MATERIAL SUPPLIED section start

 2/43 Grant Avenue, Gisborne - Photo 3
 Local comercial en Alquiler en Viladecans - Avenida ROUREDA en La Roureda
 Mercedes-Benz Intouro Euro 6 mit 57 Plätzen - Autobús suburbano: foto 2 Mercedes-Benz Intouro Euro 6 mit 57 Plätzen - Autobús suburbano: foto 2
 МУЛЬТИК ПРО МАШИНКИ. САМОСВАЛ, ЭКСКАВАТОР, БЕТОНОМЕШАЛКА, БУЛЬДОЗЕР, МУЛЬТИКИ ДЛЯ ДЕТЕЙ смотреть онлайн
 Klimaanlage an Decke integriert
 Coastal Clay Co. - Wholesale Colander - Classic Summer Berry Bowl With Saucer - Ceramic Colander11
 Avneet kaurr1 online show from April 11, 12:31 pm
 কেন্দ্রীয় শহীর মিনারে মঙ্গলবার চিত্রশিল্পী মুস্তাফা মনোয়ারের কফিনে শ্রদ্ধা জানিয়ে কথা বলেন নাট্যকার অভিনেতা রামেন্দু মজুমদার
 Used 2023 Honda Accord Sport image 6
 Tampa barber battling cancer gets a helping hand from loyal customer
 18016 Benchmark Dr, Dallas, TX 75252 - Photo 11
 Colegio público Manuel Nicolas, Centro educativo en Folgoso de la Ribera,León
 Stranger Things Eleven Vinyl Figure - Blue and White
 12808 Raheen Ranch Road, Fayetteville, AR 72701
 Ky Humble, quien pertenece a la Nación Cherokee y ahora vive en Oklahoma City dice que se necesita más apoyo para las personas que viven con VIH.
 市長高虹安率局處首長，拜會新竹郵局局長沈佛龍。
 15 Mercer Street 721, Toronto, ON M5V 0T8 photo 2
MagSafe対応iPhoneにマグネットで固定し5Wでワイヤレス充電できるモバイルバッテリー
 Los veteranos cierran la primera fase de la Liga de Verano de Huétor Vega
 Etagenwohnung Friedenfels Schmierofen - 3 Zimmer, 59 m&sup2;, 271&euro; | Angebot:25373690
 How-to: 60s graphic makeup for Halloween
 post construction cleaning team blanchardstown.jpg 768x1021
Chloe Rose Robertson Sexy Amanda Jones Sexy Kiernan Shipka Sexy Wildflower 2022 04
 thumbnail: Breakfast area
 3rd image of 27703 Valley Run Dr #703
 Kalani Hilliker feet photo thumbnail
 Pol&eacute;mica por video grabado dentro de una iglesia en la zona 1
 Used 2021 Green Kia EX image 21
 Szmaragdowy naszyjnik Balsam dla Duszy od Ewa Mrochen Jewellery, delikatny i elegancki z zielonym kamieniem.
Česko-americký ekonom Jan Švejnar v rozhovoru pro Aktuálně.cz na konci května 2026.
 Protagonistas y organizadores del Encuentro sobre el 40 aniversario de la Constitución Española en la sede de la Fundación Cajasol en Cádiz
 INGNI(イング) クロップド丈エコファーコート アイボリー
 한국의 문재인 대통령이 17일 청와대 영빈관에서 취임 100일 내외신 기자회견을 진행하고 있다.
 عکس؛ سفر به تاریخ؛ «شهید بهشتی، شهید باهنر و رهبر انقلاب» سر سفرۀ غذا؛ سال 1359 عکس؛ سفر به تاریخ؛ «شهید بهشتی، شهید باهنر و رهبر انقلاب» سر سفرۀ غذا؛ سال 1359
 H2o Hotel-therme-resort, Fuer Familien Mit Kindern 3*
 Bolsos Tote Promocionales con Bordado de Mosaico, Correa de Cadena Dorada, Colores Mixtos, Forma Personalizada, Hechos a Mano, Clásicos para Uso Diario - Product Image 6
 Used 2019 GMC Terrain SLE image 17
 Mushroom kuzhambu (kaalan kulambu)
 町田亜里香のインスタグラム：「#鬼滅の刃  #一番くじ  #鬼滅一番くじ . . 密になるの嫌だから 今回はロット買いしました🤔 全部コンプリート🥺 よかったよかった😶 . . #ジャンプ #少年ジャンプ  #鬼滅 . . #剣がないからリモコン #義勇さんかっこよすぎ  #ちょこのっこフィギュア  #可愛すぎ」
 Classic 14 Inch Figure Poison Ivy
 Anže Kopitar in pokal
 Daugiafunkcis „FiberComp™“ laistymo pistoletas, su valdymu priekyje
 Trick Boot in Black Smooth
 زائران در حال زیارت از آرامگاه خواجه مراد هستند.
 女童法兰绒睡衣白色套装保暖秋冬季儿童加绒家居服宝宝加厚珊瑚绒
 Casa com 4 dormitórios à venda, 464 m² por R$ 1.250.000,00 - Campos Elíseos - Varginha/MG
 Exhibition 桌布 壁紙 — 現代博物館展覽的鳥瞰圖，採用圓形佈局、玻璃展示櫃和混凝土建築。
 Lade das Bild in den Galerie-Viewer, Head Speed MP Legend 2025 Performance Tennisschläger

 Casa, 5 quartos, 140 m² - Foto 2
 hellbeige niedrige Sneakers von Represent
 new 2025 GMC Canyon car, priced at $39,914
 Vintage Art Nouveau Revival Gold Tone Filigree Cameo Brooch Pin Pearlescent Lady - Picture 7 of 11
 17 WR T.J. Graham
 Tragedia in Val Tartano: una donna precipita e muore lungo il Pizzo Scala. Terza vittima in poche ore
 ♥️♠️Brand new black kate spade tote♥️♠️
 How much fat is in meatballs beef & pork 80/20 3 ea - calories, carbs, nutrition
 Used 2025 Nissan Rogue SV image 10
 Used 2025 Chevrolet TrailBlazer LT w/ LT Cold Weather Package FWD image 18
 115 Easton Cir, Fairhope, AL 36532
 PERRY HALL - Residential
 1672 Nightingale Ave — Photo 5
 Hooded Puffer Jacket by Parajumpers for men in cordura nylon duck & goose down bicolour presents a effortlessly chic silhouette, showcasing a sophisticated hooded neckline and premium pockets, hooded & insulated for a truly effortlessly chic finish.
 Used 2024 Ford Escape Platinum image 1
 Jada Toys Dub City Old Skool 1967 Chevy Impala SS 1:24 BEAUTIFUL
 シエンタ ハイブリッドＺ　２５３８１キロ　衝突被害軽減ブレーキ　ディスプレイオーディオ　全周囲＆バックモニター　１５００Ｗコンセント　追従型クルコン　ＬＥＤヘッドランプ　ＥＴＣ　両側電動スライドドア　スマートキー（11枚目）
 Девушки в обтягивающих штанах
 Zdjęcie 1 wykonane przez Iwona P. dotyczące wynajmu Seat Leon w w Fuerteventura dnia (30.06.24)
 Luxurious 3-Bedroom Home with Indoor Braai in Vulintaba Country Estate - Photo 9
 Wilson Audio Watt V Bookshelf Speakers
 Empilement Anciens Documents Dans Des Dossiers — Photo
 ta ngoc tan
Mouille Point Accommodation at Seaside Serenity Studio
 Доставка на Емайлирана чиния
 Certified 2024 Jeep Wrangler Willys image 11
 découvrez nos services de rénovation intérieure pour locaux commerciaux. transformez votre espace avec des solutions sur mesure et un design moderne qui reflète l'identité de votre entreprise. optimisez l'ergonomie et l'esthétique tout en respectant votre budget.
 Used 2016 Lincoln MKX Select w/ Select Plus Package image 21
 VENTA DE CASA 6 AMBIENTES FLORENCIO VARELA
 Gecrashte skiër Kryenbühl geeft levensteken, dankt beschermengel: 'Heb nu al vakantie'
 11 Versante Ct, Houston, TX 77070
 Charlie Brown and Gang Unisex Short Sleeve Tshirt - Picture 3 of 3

MATERIAL SUPPLIED section end

- **DESCRIPTION OF THE TASK**
Exactly the lines between the one containing "Доставка на Емайлирана чиния" and the end of the material, both ends included, must be retyped, with nothing added.

- **TASK ANSWER**
 Доставка на Емайлирана чиния
 Certified 2024 Jeep Wrangler Willys image 11
 découvrez nos services de rénovation intérieure pour locaux commerciaux. transformez votre espace avec des solutions sur mesure et un design moderne qui reflète l'identité de votre entreprise. optimisez l'ergonomie et l'esthétique tout en respectant votre budget.
 Used 2016 Lincoln MKX Select w/ Select Plus Package image 21
 VENTA DE CASA 6 AMBIENTES FLORENCIO VARELA
 Gecrashte skiër Kryenbühl geeft levensteken, dankt beschermengel: 'Heb nu al vakantie'
 11 Versante Ct, Houston, TX 77070
 Charlie Brown and Gang Unisex Short Sleeve Tshirt - Picture 3 of 3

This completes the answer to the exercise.